### Exercise prompt
Copy out exactly the lines from the start of the data to the line containing "Houses with solar panels". Include both.

*** Opening of Entries supplied ***

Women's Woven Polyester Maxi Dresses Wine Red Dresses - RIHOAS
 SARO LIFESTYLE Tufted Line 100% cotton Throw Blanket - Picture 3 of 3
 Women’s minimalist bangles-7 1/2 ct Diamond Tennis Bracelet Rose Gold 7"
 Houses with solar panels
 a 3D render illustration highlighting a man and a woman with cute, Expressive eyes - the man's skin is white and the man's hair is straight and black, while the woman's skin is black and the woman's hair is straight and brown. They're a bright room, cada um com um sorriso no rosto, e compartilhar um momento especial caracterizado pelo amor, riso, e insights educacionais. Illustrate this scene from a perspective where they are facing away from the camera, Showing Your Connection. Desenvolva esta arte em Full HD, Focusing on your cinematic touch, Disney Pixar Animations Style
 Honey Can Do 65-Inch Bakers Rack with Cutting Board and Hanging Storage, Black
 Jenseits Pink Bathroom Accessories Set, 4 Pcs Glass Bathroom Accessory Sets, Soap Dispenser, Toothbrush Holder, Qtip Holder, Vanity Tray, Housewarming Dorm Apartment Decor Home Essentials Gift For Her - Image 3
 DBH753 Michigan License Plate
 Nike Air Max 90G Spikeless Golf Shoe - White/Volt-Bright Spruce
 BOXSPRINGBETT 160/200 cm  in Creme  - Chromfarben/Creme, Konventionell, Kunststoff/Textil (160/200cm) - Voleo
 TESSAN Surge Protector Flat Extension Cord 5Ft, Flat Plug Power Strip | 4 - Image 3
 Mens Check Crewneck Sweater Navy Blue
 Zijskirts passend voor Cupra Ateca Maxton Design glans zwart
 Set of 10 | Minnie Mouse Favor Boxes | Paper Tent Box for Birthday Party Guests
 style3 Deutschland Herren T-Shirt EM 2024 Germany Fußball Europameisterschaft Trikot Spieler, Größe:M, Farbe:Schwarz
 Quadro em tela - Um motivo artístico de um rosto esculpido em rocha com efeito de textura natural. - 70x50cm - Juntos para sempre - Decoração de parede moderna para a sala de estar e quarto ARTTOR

*** Close of Entries supplied ***

### Answer area
Women's Woven Polyester Maxi Dresses Wine Red Dresses - RIHOAS
 SARO LIFESTYLE Tufted Line 100% cotton Throw Blanket - Picture 3 of 3
 Women’s minimalist bangles-7 1/2 ct Diamond Tennis Bracelet Rose Gold 7"
 Houses with solar panels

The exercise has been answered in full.